In sintesi, il governo di Ulaanbaatar ha proseguito sulla strada della neutralità, marcata con l’astensione nei due voti dell’Assemblea Generale delle Nazioni Unite sulla crisi ucraina. Una politica sistematica e coerente, che negli anni ha visto il Paese evitare di esprimersi sull’annessione della Crimea (astensione all’Assemblea Generale dell’ONU), sull’invio di truppe russe a sedare le rivolte in Kazakistan e sul ritiro degli Stati Uniti dall’Afghanistan – nonostante fossero addirittura presenti i propri soldati.

UNUkraineResolution
La Mongolia si è astenuta in entrambe le risoluzioni dell’Assemblea Generale ONU sulla Guerra in Ucraina

Il futuro potrebbe però costringere la Mongolia a cambiamenti importanti e prese di posizione. Kh. Delgertsetseg, CEO di AC Double Trans LLC, segnala che le sanzioni alla Bielorussia – principale polo di transito delle merci tra Europa e Russia – potrebbero aprire delle finestre a un nuovo di polo logistico della Mongolia. Tuttavia, il Paese non ha ancora aderito a diverse convenzioni internazionali sul trasporto merci.

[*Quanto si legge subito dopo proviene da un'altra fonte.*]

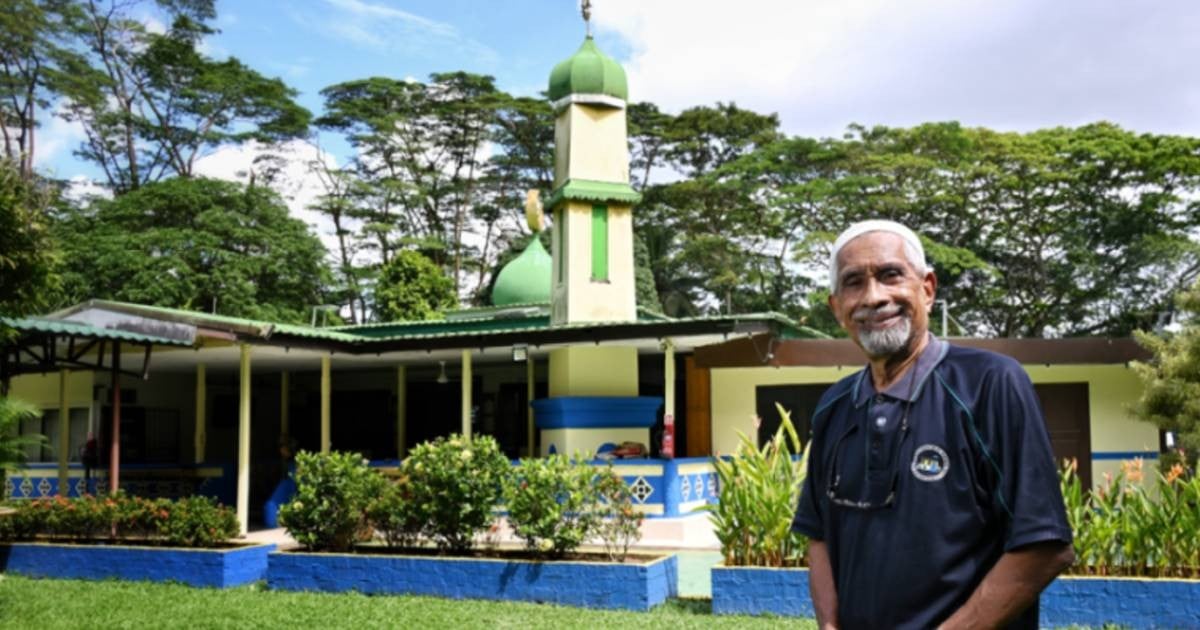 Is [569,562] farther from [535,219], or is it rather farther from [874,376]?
[535,219]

Dal punto di vista russo, la sospensione del gasdotto Nord Stream 2 potrebbe riaccendere l’interesse di Mosca per la “sedicesima repubblica” come crocevia di nuovi scambi verso l’Asia Centrale.

Un futuro incerto

Questo quadro non può non tenere conto dei rapporti tra Mongolia e Cina. La Mongolia cerca di guadagnare l’accesso al mare delle proprie merci, mentre la Cina guarda a Ulaanbaatar per il potenziamento della propria sicurezza energetica con il carbone mongolo e l’accesso alle riserve russe. Il rapporto tra i due Paesi si esplica in progetti infrastrutturali come quello della ferrovia al valico di frontiera Gashuunsukhait-Gantsmod.

Sono tempi difficili, soprattutto per chi si trova a confinare con vicini come Russia e Cina. La strategia di Ulaanbaatar dovrà adattarsi ai cambiamenti, ritagliandosi uno spazio di manovra tra le crescenti frizioni dei “tre vicini”.